-------- SOURCE RECORDS
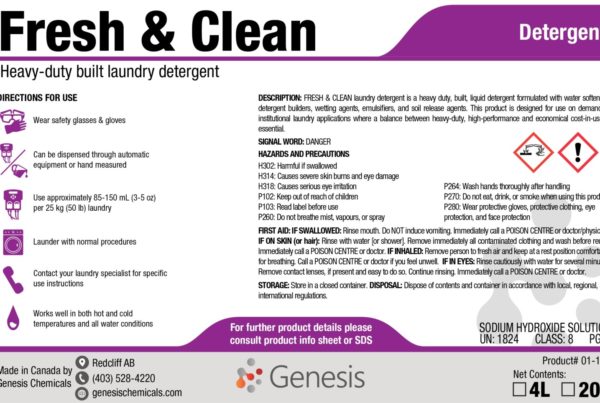 Fresh & Clean - Genesis Canada Heavy duty built liquid laundry detergent for use in commercial and for sensitive clothes laundering. Use in hospitals, nursing homes, clinics Product label.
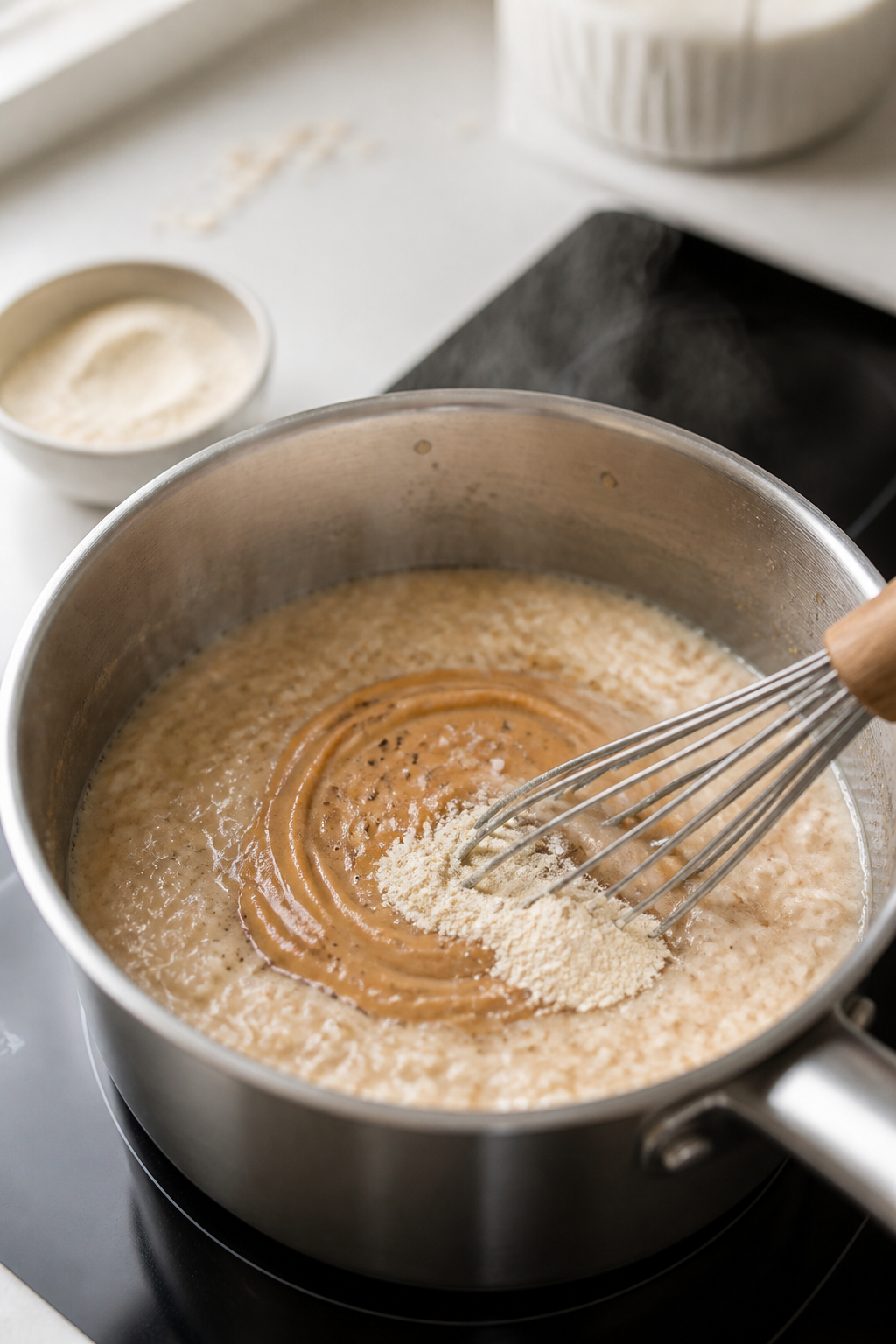Cooking process, stovetop: Close-up of creamy peanut butter cheesecake protein oatmeal simmering in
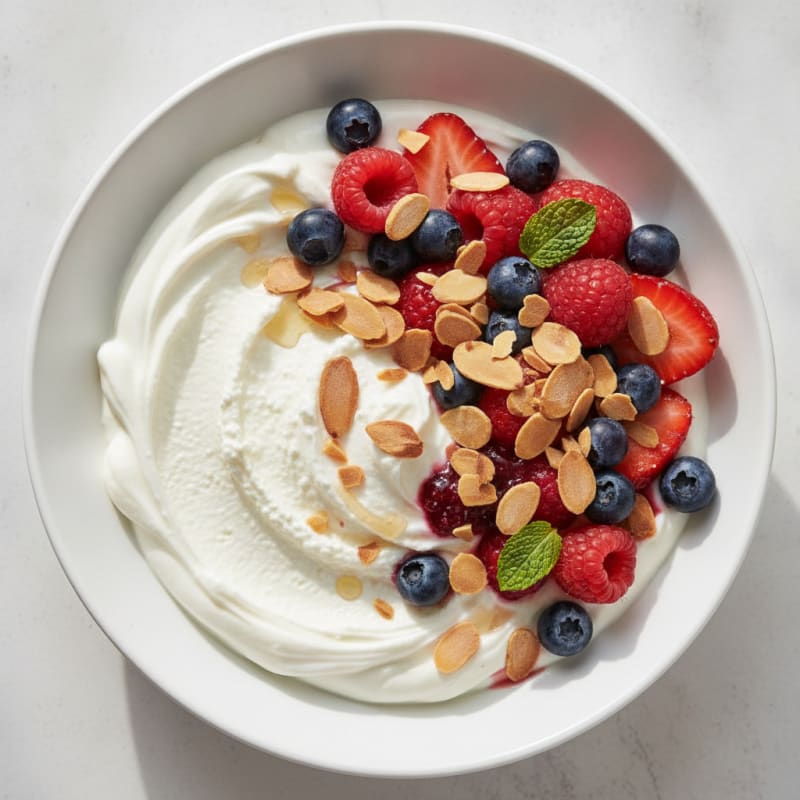 Greek Yogurt Protein Parfait with Mixed Berries and Almonds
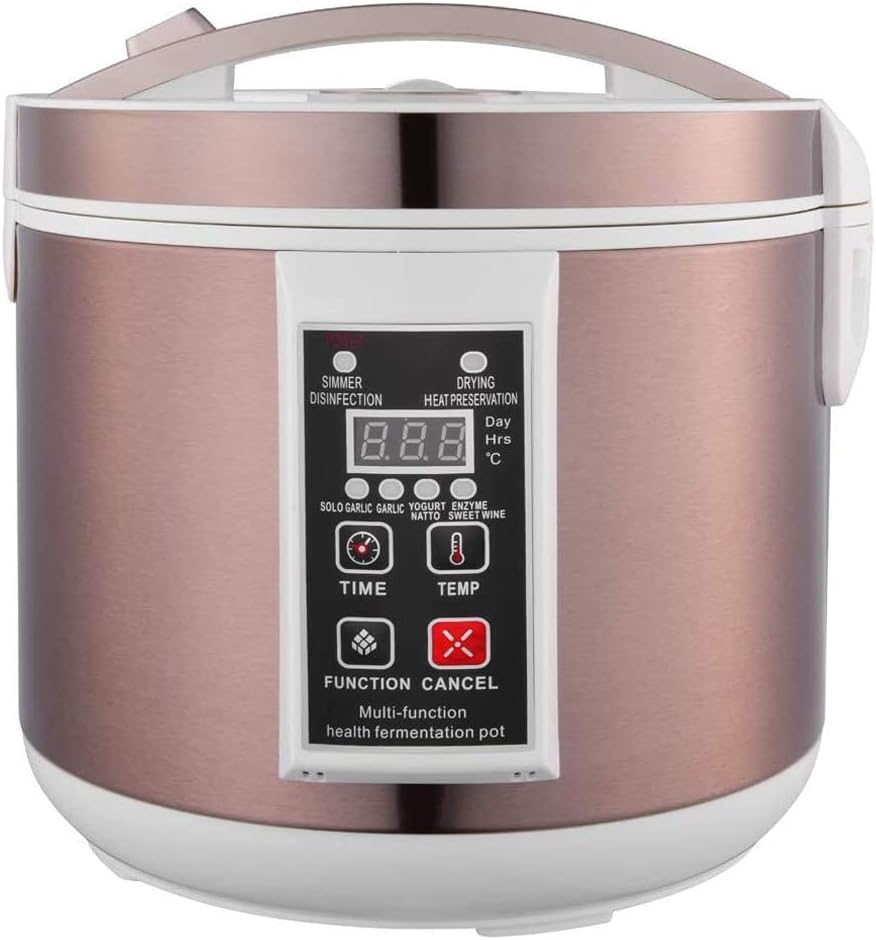 INTBUYING 110V 6L Multi-functional Health Fermentation Pot for Black Garlic Yogurt Enzyme Natto Sweet Rice Fruit Wine Kimchi Fermenter with Stainless Steel Shelves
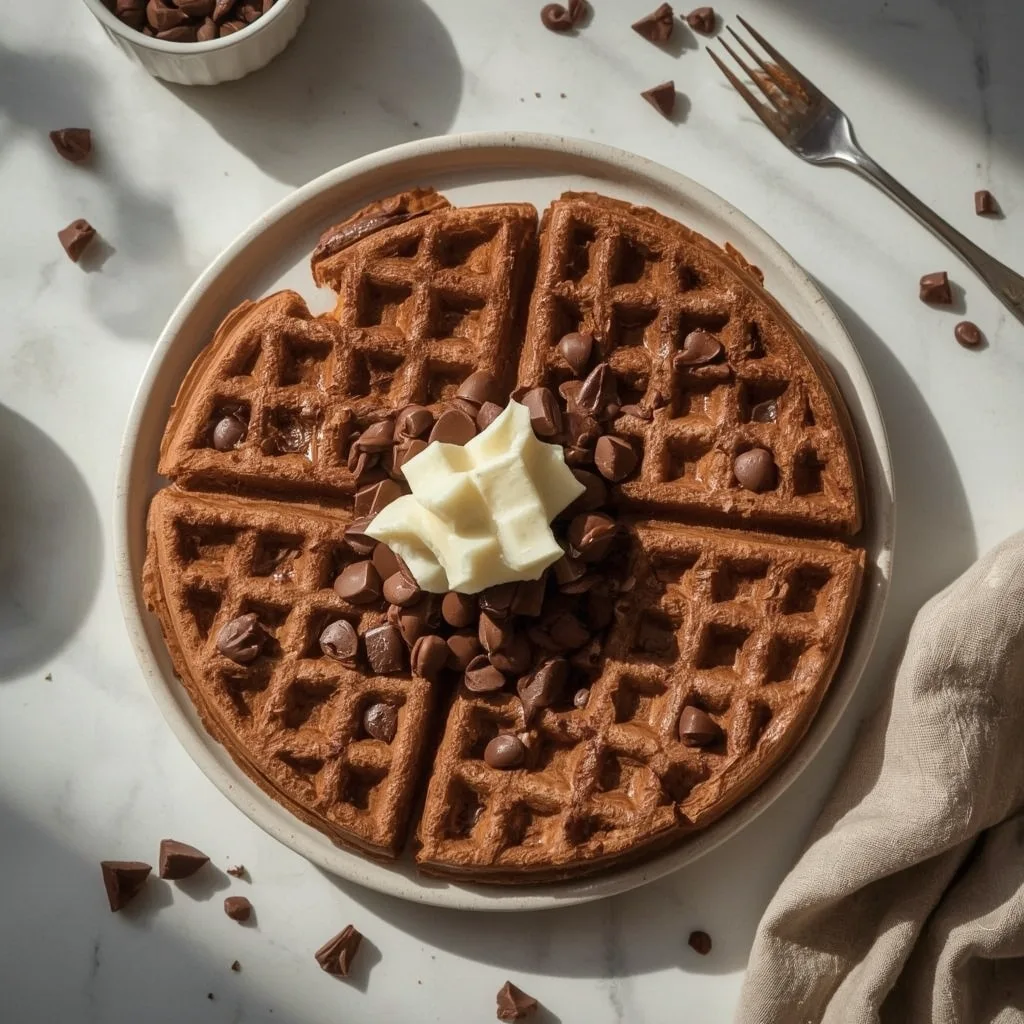 High Protein Chocolate Brownie Waffles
----------------
• TASK: Each line from the one holding "Cooking process, stovetop: Close-up" to the end of the records above must be copied exactly; the pictures must not be copied.

• COMPLETED EXERCISE:
Cooking process, stovetop: Close-up of creamy peanut butter cheesecake protein oatmeal simmering in
 Greek Yogurt Protein Parfait with Mixed Berries and Almonds
 INTBUYING 110V 6L Multi-functional Health Fermentation Pot for Black Garlic Yogurt Enzyme Natto Sweet Rice Fruit Wine Kimchi Fermenter with Stainless Steel Shelves
 High Protein Chocolate Brownie Waffles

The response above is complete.